This chapter dives into how CloudWatch helps us figure out what's going wrong with our systems. It talks about the importance of looking closely at data, following what's happening across different parts of the system, and setting up alerts to keep an eye on system health. We focus a lot on using dimensions to get a better look into our metrics and how composite alarms can make handling problems a lot easier.

When we're trying to fix issues, we usually look at four main areas:

  • Bad Dependencies: This part is about keeping an eye on errors across the whole server or specific webpages. Using CloudWatch Composite Alarms helps us catch and respond to these errors quickly.

  • Bad Components: This section explains how to track down and isolate problems in parts of the system that work together. By following the trail of data and using service maps that show how services interact, we can figure out where things went wrong.

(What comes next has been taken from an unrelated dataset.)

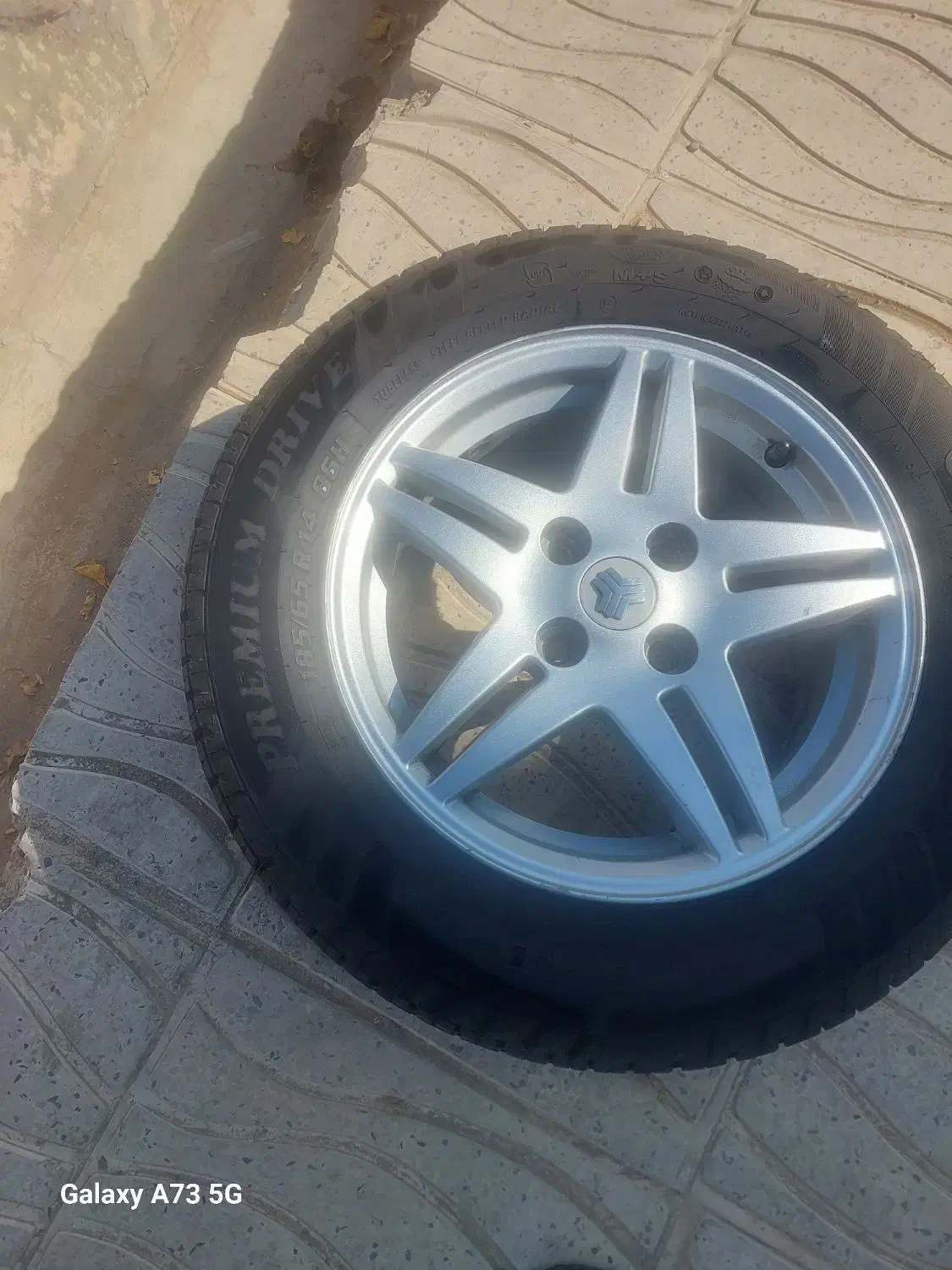 فروش رینگ اسپرت و لاستیک زیر صفری ۲۰۲۵ تیبا کوئیک|قطعات یدکی و لوازم جانبی|صدرا-فارس, فاز ۱|دیوار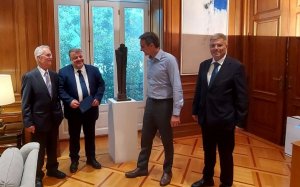 Έντονο "άρωμα" Κεφαλονιάς στην δεξίωση του Πρωθυπουργού στο Μέγαρο Μαξίμου, για το έργο του Γεράσιμου Σκλάβου (εικόνες)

  • Bad Deployments: Here, we talk about how to quickly detect that newly deployed code causes problems and how we can automatically respond to this. We look at how to tell apart different health indicators to get things back to normal fast.

  • Traffic Spikes: This part deals with understanding why there's suddenly a lot more traffic than usual. We emphasize the need for detailed metrics and organized logs to manage these situations effectively.

We also cover:

  • Using dimensions to work out the right metrics: This means breaking down metrics in different ways to understand what's really going on.

  • Finding patterns in detailed metrics: Here, we learn how to make sense of complex metrics to spot important trends.

  • Getting around distributed systems with tracing: This is about summarizing and identifying issues in systems where many components work together.

Let's start with a real-world example of a web application.

Imagine we have a web application made by different teams (each team is response for a part, e.g. the navigation, cart, search or product information), and there's an issue with the shopping cart we don't yet understand, based on customer feedback.

Our goal is to figure out exactly what's wrong, starting from not knowing much about the problem. This section shows how CloudWatch is essential for tackling these kinds of challenges, helping us keep our systems running smoothly.

Bad dependencies

The section on bad dependencies dives into why it's crucial to keep tabs on error rates across the whole server and individual webpages. It explains how using dimensions along with CloudWatch Composite Alarms can make a big difference in quickly spotting and dealing with problems. This part of the chapter stresses how detailed monitoring is key to finding and fixing bad dependencies.

First step: Look at the server-wide error rate.

But here, we don't see any red flags since there's no spike in errors. Everything looks like it's running smoothly as usual.

But we definitely know that there is a problem, we just can't see it in our first view.

The game-changer: Dimensionality.

Right now, we're only watching the error rate for the entire site. A smarter move is to track errors for each webpage individually.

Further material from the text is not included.